I was down there with a small group of artists: a print-maker, an animator, an oil painter, a composer, and a performance artist. Whilst we all dreamily worked away on our projects, we did cross paths, and after we enquired about each other’s mental health, the conversation always turned to the lantana infestation on the river banks, in the low-lying scrubland, even up on the less accessible ridges, less accessible to us though very accessible to Lantana camara. And in nurseries this thing goes under the hardly evil names of ‘Irene’ and ‘Dallas Red’. And to hear that it has been ‘recognised’ as a Weed of National Significance – well, that just gives the impression that it’s in the same league as Holden utes, Akubra hats and blue singlet tops.
Did this weed detract from the feel of the landscape we were working in? Yes. Did we wish someone would come along and get rid of the nasty, nasty thing so we could have the beautiful landscape back? Yes. Were we trying to justify its existence by saying that for 160 years the Shoalhaven has been in the process of modification so this was just a part of that? Yes. Whose land is this anyway? No idea. Aren’t most of us ‘weeds’, claiming and rearranging? Absolutely. I even tried arguing that there’s a fantastic Australian film called Lantana, and Ray Lawrence, the film-maker, had used this particular plant as a symbol of how our lives tangle and sometimes strangle – couldn’t we be similarly inspired?

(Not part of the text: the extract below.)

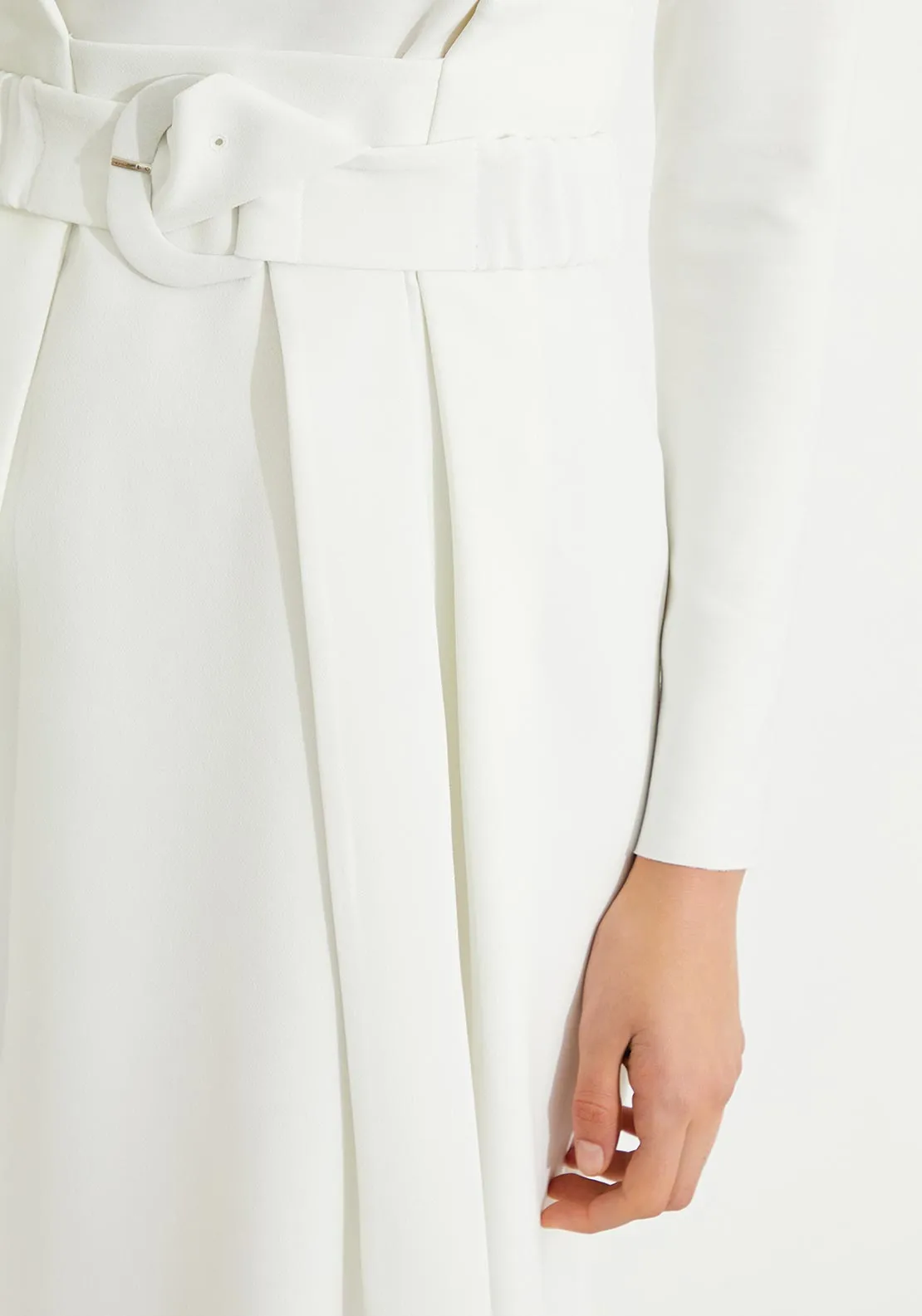 Birelin Crepe Midi Pencil Skirt, Off White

Apparently not.
I must confess that after a few days I began taking things into my own hands, literally: I wrenched out smaller plants; I madly decapitated larger bushes; and once, after I’d drunk too many cups of tea, I ran outside, found the nearest seedling and gave it a good golden dose – it felt appropriately offensive at the time. Of course, none of this can really make a difference, but it did make me think I was doing my bit, even though for every step I made, ‘Irene’ and ‘Dallas Red’ took us a thousand steps backwards – or is that forwards? – into a weed-infested world.
But you do have to laugh. In the last week I was down on the river a curator dropped by and asked how we were going. When we described our concern (is ‘heartache’ a better word?) for the invasion that was going on around us, she said, ‘You must realise that lantana is just so…so… obnoxious’. Perhaps she meant ‘noxious’, but maybe Lantana camara really is one of the most offensive plants imaginable. Except it’s not imaginable, or imagined – it’s very real, and becoming more and more so. And even the artists are worried. And that’s a worry in itself.